Remove duplicates considering orientation?

Hi,

Suggestion for remove duplicates - it would be useful to have an option for remove duplicates where particles are removed if and only if both the coordinates and the orientations match within certain specified limits.

This would be useful in certain circumstances after classifying symmetry-expanded particles - where I want to rotate a certain class to match another (using volume alignment tools) prior to local refinement, but in so doing some percentage of the particles now match in both position and orientation, screwing up downstream refinement.

Currently, removing duplicates in this scenario would undo symmetry expansion, removing the particles I want as well as the problem set - so some way to take orientation into account during remove duplicates would be helpful.

Cheers
Oli

Hi @olibclarke,

We have a couple questions:

  1. Would you be able to provide more context/motivation to the problem?
  2. What purpose does the rotation step serve in this workflow?
  3. How would you approach picking which particle(s) to keep and which to throw away given only their alignments?
  4. Does this by chance have to deal with teasing out symmetry mismatch in a particle?

Best,
Kye

1 Like

Hi Kye,

The key here is point 2 I think:

  1. What purpose does the rotation step serve in this workflow?

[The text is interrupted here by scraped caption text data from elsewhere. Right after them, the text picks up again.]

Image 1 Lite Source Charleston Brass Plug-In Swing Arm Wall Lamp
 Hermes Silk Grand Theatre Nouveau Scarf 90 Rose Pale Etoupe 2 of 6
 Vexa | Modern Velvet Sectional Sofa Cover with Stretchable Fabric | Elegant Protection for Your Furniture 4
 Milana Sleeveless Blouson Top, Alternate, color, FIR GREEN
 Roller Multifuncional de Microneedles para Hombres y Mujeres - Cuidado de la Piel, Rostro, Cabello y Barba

The rotation step is to match classes (after classifying sym expanded particles) which are identical except for a rotation around the symmetry axis. Some of the particles in these two matched classes will be ~identical (both in terms of the particle and orientation), and I would like to remove these, while keeping the rest. It is true that if classification were perfect, these two classes would have 100% overlap, and this would be unnecessary - but classification is stochastic, so we still derive some benefit from combining these permuted classes. In general I wonder if some better bookkeeping for sym expanded particles might be helpful - right now dealing with which particles are duplicates (as originally picked) vs duplicates (sym expanded copies) is not as straightforward as it could be.

  1. How would you approach picking which particle(s) to keep and which to throw away given only their alignments?

Not sure… but there must be a way (for particles with ~identical coordinates) of comparing the alignments…?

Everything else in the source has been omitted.